Quote all entries exactly, leaving pictures aside.

[Task data]

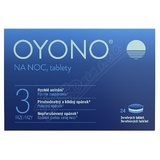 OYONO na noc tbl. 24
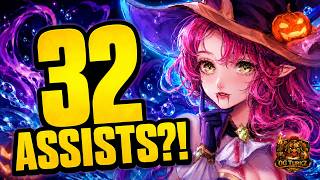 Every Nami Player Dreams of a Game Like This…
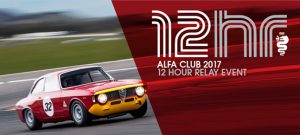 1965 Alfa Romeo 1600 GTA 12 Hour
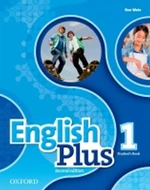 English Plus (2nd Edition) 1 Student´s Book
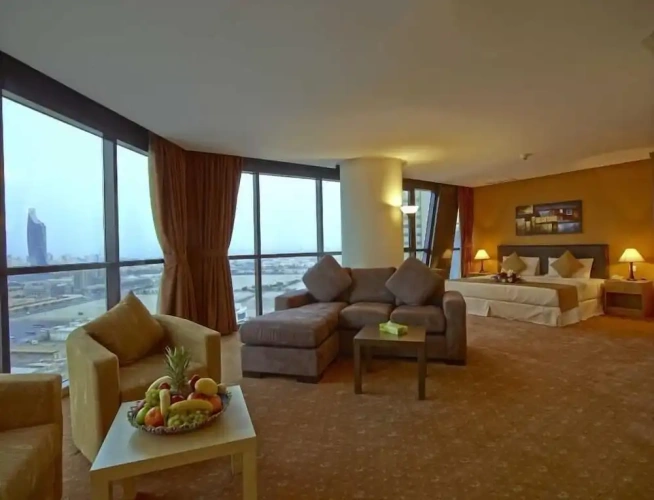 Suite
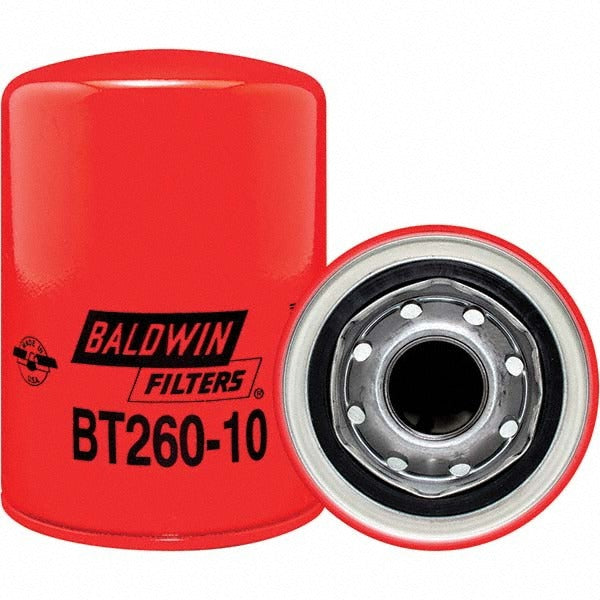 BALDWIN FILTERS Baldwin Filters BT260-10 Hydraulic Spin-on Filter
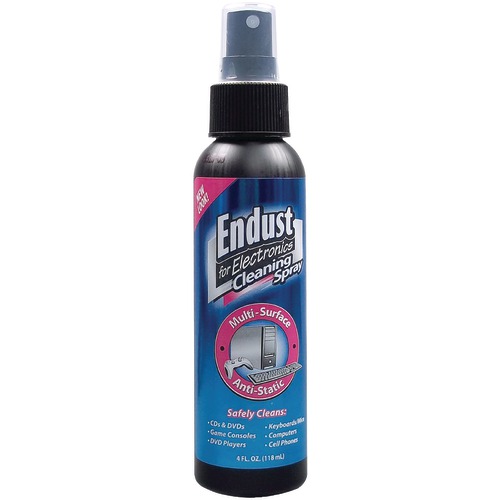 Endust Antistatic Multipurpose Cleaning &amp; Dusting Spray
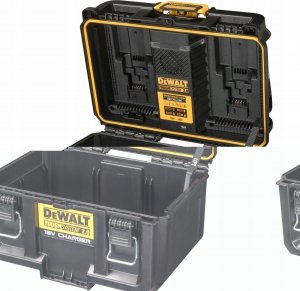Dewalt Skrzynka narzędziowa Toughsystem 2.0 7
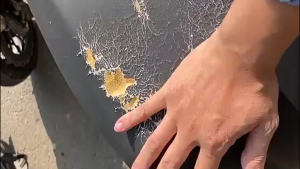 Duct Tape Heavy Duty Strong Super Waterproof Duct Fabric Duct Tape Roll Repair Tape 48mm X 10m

[/Task data]

=== Answer to this task ===
 OYONO na noc tbl. 24
 Every Nami Player Dreams of a Game Like This…
 1965 Alfa Romeo 1600 GTA 12 Hour
 English Plus (2nd Edition) 1 Student´s Book
 Suite
 BALDWIN FILTERS Baldwin Filters BT260-10 Hydraulic Spin-on Filter
 Endust Antistatic Multipurpose Cleaning &amp; Dusting Spray
Dewalt Skrzynka narzędziowa Toughsystem 2.0 7
 Duct Tape Heavy Duty Strong Super Waterproof Duct Fabric Duct Tape Roll Repair Tape 48mm X 10m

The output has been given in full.